L'univers, le monde : Physique, Métaphysique et Astrophysique




sur ANAXIMANDRE (vers 610 – 545 av. J.-C.)




Pour Anaximandre, successeur de Thalès, l'élément ne peut être le principe, mais il dérive de ce principe – l'illimité ou l'infini- parce qu'il contient une infinité de réalités, de mondes possibles. Toutes les choses qui sont en sont l'expression. Tout vient de lui et tout doit y retourner.
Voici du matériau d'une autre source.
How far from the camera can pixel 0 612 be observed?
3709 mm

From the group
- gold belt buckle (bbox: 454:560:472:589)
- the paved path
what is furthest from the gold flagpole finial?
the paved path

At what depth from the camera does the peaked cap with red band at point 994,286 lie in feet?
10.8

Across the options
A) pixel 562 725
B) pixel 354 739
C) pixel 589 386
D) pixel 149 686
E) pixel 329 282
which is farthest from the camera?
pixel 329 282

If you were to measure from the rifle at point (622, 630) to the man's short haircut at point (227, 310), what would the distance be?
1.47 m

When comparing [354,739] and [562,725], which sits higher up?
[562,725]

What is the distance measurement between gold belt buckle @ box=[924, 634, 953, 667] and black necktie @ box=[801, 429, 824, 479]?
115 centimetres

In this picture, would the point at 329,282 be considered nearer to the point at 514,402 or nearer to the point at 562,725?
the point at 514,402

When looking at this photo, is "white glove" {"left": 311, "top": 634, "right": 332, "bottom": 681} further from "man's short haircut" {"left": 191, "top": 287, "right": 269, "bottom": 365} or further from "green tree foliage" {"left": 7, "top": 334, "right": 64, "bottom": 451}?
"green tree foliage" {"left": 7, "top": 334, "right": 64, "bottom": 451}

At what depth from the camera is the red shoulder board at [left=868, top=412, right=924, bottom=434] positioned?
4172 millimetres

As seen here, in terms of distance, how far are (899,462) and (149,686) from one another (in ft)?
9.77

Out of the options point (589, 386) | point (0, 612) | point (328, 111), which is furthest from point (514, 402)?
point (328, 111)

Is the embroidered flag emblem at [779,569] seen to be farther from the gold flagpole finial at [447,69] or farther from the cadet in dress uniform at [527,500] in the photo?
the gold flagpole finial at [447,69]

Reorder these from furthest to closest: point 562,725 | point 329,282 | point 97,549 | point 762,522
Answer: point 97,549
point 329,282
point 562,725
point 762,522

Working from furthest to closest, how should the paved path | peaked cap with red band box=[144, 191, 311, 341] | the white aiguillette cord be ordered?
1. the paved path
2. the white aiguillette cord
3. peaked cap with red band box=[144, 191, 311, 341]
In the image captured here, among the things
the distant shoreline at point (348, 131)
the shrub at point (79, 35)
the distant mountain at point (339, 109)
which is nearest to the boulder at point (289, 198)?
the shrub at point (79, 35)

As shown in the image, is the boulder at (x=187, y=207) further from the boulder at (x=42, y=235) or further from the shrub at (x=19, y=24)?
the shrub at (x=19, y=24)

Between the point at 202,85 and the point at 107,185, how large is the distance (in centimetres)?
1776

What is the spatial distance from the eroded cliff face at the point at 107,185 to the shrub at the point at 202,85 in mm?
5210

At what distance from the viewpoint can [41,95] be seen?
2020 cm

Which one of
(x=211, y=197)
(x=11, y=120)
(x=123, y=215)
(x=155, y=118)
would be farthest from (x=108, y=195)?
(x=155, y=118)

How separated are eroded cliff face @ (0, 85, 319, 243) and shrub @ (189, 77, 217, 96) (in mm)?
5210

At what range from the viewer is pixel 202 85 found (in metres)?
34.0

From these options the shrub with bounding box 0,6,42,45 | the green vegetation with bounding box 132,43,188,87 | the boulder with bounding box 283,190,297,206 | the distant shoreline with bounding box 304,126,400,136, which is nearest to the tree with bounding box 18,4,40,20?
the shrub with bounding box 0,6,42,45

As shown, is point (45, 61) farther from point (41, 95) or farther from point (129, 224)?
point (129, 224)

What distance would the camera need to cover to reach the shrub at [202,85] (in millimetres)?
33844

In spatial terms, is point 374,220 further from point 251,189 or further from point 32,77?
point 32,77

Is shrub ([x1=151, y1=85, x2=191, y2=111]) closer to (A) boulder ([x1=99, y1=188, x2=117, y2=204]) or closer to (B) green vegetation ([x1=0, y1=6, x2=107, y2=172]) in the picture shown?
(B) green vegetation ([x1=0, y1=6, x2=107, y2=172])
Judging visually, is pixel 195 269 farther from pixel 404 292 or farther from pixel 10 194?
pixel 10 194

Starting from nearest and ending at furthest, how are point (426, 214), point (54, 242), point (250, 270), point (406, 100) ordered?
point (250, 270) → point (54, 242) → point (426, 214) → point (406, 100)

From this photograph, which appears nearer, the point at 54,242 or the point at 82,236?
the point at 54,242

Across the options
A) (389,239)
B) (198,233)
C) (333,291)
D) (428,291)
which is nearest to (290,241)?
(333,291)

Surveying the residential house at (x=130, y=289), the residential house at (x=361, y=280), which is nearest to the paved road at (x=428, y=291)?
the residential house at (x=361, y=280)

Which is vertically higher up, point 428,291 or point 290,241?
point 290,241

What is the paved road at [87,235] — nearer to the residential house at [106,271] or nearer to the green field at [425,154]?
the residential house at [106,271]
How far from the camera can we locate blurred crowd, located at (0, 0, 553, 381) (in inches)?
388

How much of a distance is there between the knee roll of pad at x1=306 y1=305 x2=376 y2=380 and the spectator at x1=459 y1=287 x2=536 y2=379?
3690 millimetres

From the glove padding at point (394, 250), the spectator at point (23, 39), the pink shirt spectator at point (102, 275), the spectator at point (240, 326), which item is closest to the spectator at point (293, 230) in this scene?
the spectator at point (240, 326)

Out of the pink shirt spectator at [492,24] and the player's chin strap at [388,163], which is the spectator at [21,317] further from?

SIMPLICIUS (commentateur d'Aristote de la fin du Viè siècle)





Gnomon
"De ceux qui disent que le principe est un, mû et illimité, Anaximandre, fils de Praxiadès, de Milet, successeur et disciple de Thalès, a dit que l'illimité est le principe et l'élément des choses qui sont, étant du reste le premier à user du terme de principe. Il dit qu'il n'est ni l'eau, ni rien d'autre de ce que l'on dit être des éléments, mais qu'il est une certaine autre nature illimitée dont sont engendrés tous les cieux et tous les mondes qui se trouvent en eux. Ce dont la génération procède pour les choses qui sont est aussi ce vers quoi elles retournent sous l'effet de la corruption, selon la nécessité ; car elles se rendent mutuellement justice et réparent leurs injustices selon l'ordre du temps, dit-il lui-même en termes poétiques. Il est évident qu'après avoir observé la transformation mutuelle des quatre éléments, il ne pouvait estimer qu'on pût assigner à l'un un rôle de substrat, mais qu'il fallait bien qu'il y eût quelque chose d'autre en plus de ces quatre éléments."



Commentaire sur la Physique d'Aristote, 24, 13.













sur DÉMOCRITE (vers 460-370 av. J.-C.)




Les atomes sont des idées comparables à des nombres. Bien que les abdéritains parlent de corps primordiaux ils pensent que les atomes, étant des être intelligibles, sont des idées.



PLUTARQUE (philosophe et historien grec du 1er siècle ap. J.-C.)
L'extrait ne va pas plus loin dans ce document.